Hawaii state auditor: 'Lack of integrity' in administration
By Sean Hao
Advertiser Staff Writer
A feud between state auditor Marion Higa and Gov. Linda Lingle grew more heated yesterday with Higa challenging the administration to take a lie detector test.
At issue are more than $1 billion in state investments in student-loan-backed securities that have declined in value by about $250 million over the past several years. The state won't necessarly lose that money, because the principal will be paid back in full if the investments are held until their maturity.
However, Higa said yesterday that state purchases of so-called auction rate securities violated the law and put state funds at increased risk.
According to a report released by the auditor yesterday, the investments didn't comply with state laws and policies that require diversity of investments, that investments maintain a AAA rating and that short-term investments mature in less than five years.
The audit, which covered the Department of Budget and Finance from July 1, 2008, to June 30, 2009, said the agency lacked leadership and accountability and is not effectively managing the state's $3.8 billion treasury.
Earlier this month, Lingle harshly criticized a draft version of the report, calling it "shoddy," "unprofessional" and "politically motivated." The governor also called on state lawmakers to investigate Higa.
Higa yesterday said she and others within her office would be willing to take a lie detector test to prove their veracity.
"If the administration will do the same, we'll see where the truth might lie," Higa said.
Higa took the unusual step of releasing the results of the audit at a news conference yesterday in which she criticized Lingle's administration and Department of Budget and Finance officials who made the investments.
"I believe that the administration's attack on our reputation and our credibility deserves some unprecedented attention," Higa said. "I think we need an affirmative response to set the record straight.
"The behavior of the administration has also been unprecedented. I believe it reflects a lack of integrity."
Lingle yesterday was unavailable to comment on the audit.
In a written response attached to the audit, Georgina Kawamura, the Budget and Finance Department director, said the report includes inaccurate , misleading and false statements. She also expressed concerns that the audit's allegations of a lack of leadership and accountability could hurt the state's reputation.
"We are concerned that this baseless conclusion may damage Hawai'i's hard-earned reputation as a prudent manager of public resources and adversely affect our ability to sell bonds," Kawamura wrote.
The main issues raised in the audit resulted from a rise in the popularity of auction-rate securities as "near cash equivalents," investments that can be easily and quickly converted into cash. The rate of return on auction-rate securities is typically higher than for comparable investments. However, the liquidity of the securities evaporated when the auctions began failing last year as dealers hamstrung by subprime losses pulled back from purchase guarantees and credit markets started to tighten.

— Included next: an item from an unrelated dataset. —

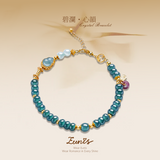 碧瀾•心韻丨福祿綿長  圓滿順遂  靈韻護佑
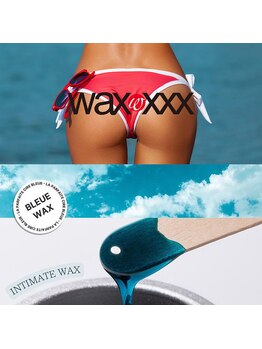 モナ 宝塚店(Mona)/VIOワックス♪トリプルエックス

The state shifted large amounts of its investments into the bonds even as the auction rate market started to tighten in second half of 2007, because of their high rate of return. The investments were legal and in line with an opinion by the state attorney general, according to the state.

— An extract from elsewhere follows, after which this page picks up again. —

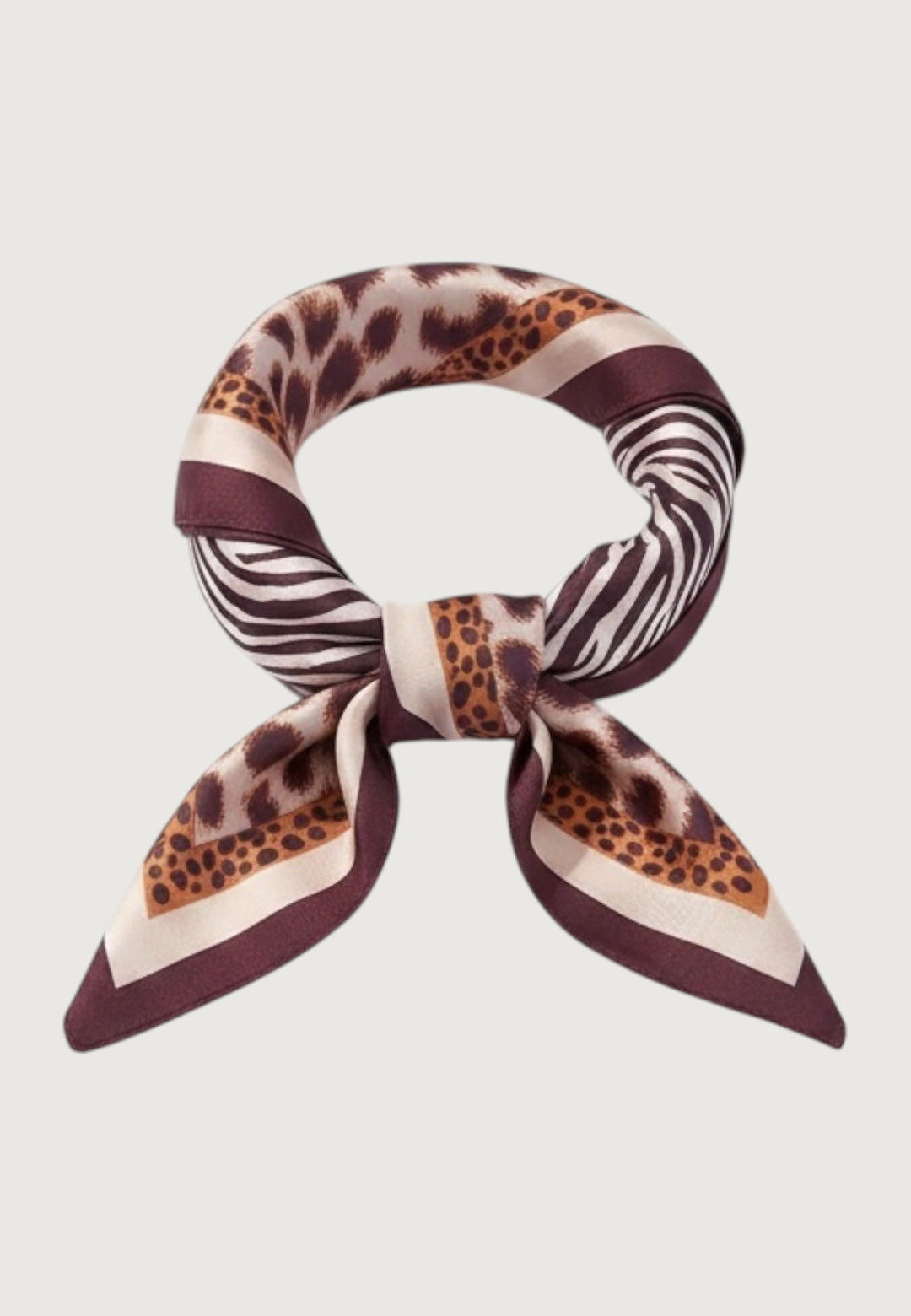Bandana Go Wild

However, those yield -driven purchases were in conflict with state policies that emphasize safety and liquidity of investments over yield, Higa said.
Money tied up in auction rate securities reduces the state's potential cash reserves, could affect the state's ability to meet future cash needs and could potentially be a factor behind state plans to delay income tax refunds , she said.
"It's very obvious the state is in a cash crunch," she said. "Having the billion dollars frozen like this presents a cash crunch. Whether we might still have to delay tax refunds is a possibility even without the billion dollars being frozen, but it exacerbates the situation."
The audit recommended that the state formalize polices and procedures and improve cash and investment management practices , including doing a regular review of investment policies.
Kawamura agreed with some recommendations, but maintained that the audit's main findings were unsubstantiated and lacked merit.
"The result of the review is an undeserved attack on the hard-working men and women of this department," she wrote.